- **WHAT TO PRODUCE**:
In this exercise, write out the data word for word and leave every image out.

- **DATA SECTION**:
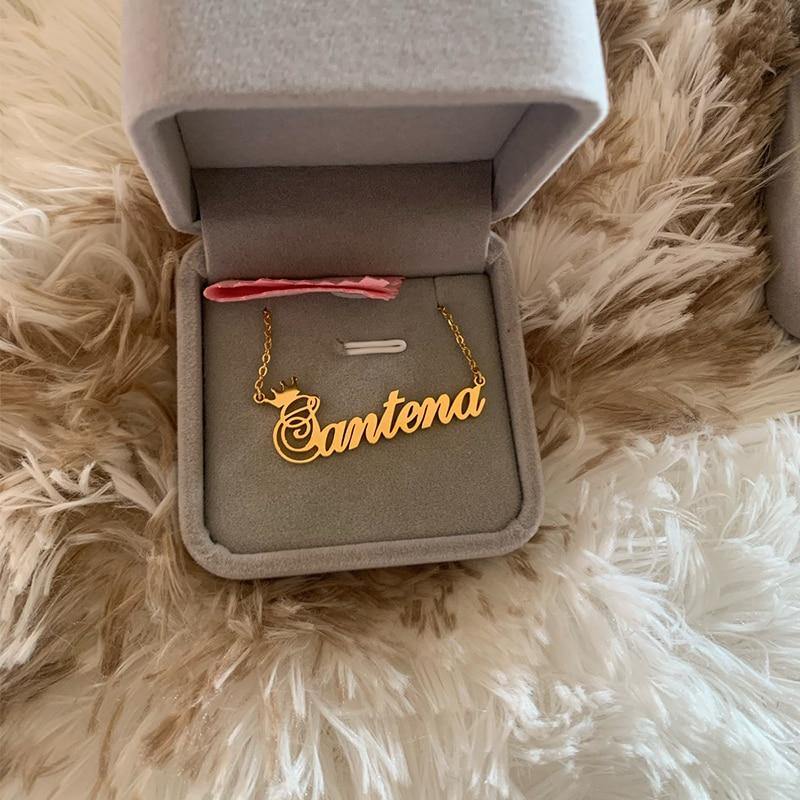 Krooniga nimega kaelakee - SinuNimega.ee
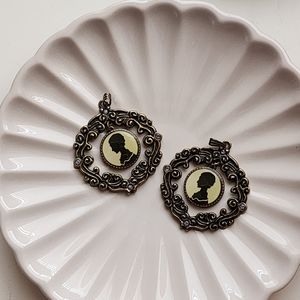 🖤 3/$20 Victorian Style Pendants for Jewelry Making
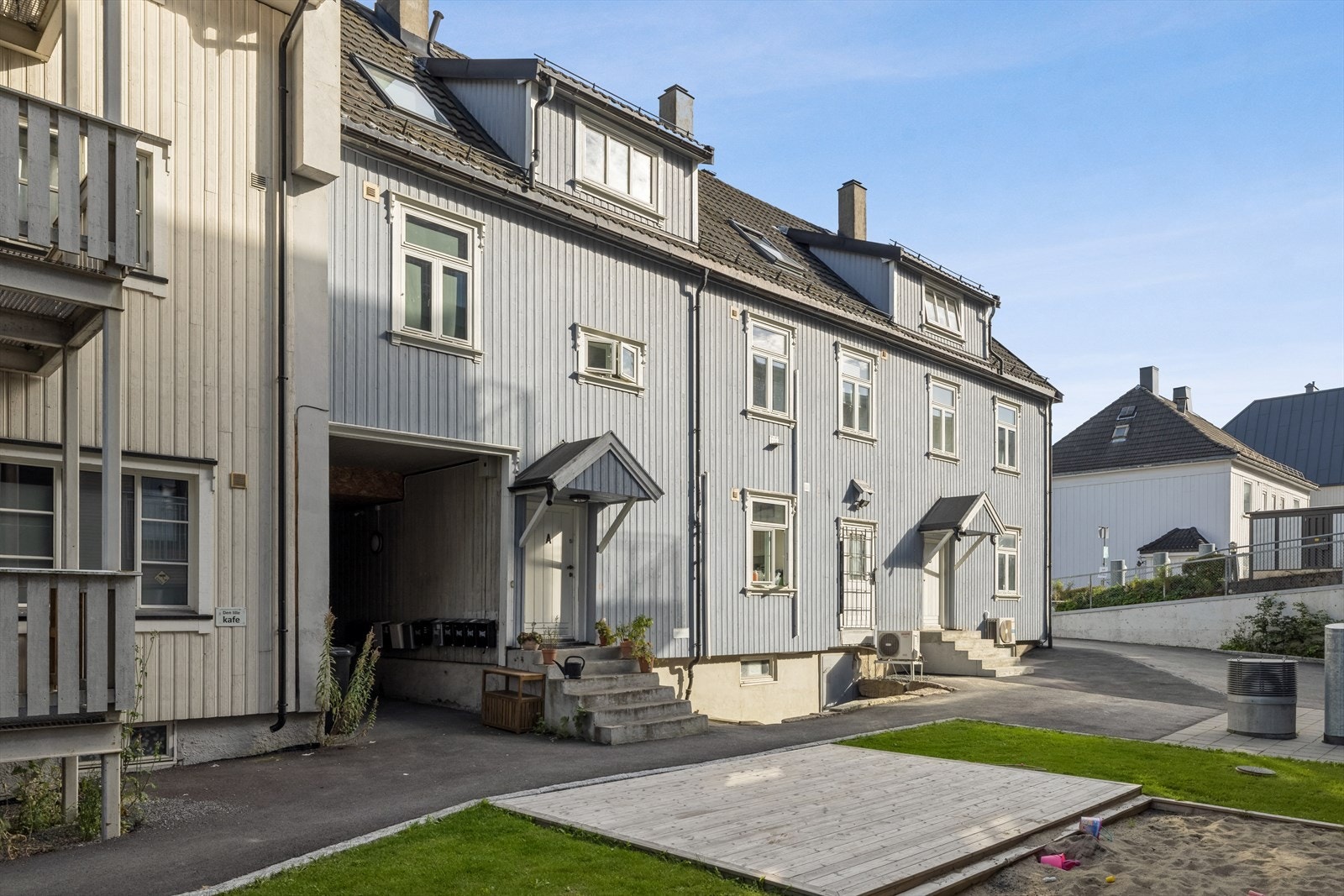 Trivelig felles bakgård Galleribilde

- **THE COMPLETED TASK**:
 Krooniga nimega kaelakee - SinuNimega.ee
 🖤 3/$20 Victorian Style Pendants for Jewelry Making
 Trivelig felles bakgård Galleribilde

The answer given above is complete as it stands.